Even though it was crowded as fuck in the train, no one sat next to me. Like, people came over, stared at my face, then they decided they would rather stand up. I suppose I didn't care. I just clutched my cameras close to me.
I didn't react back then, and I haven't really reacted until now. I'm not angry, mad or anything, just.. Disappointed. Over myself. I didn't care enough about myself to even react. I just stood there, while he punched me. I didn't even cry or say anything, I just stood there, staring at him. Oh well, slow Asian is slow. I need to do something about my reaction mechanism.
Meh. I am tired and hungover. And now it's time to go out again. I am hungry, but I don't feel like eating. Like, I had a steak yesterday. I've only had coffee for the last two days and suddenly I just got hungry. Really fucking hungry. So I cooked a steak and ate it while I sat on the floor, listening to Slayer. Pearl was there too. She sat on a chair, talking with her mom on the phone while looking at me eating the steak. All I heard was "wuh wuh.. Aphinya-ah. No ma', not today.. Wuh wuh". Huh. Shanghai-English.
Then Pearl and I went out to grab a few drinks. A guy at the bar made the "come here" nod to me and blinked, multiple times. I asked him if he wanted to fuck me or what. Awkward silence. The guy looked down. Pathetic. Pearl laughed, and then I laughed. I suppose it was all somehow rather absurd.
I've reached the point where I don't care about anything at all anymore, I just want to fuck things up, you know?
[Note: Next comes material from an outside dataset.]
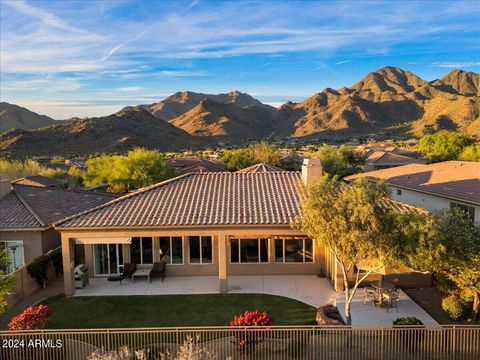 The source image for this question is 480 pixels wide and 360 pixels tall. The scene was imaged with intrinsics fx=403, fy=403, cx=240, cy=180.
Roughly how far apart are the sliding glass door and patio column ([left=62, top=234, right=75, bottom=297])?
254 cm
I mean, to see if I can still feel something real, something else than just disappointment.
Yesterday, an elderly woman approached me on the street. She was from some church. She said I looked rather sad, and asked if I needed to talk to someone. I gave her my "thanks, but no thank you" smile and turned around - but then I noticed she had coffee. I fucking love coffee. So I stayed for a minute or two. She talked about Jesus. I said I had licked a girls pussy earlier. I don't know why I said it, I mean, it's not like it was any of her business. But I suppose I just wanted to shock her. The coffee was good though. Amen.
Oh, I'm so tired right now. Cocktails at Jonathan's place. But I don't feel like going, I just want to stay inside, lie on my bed and listen to music.
Anyway. I saw Michael not so long time ago, when I went out to get coffee. I wanted to say hi. But I guess that would have been rather meaningless, so I walked away.
I miss my family. It's hard, being thousands and thousands miles away from them. I wish I could hug my grandparents and tell them how much I miss them. Thailand, I miss you.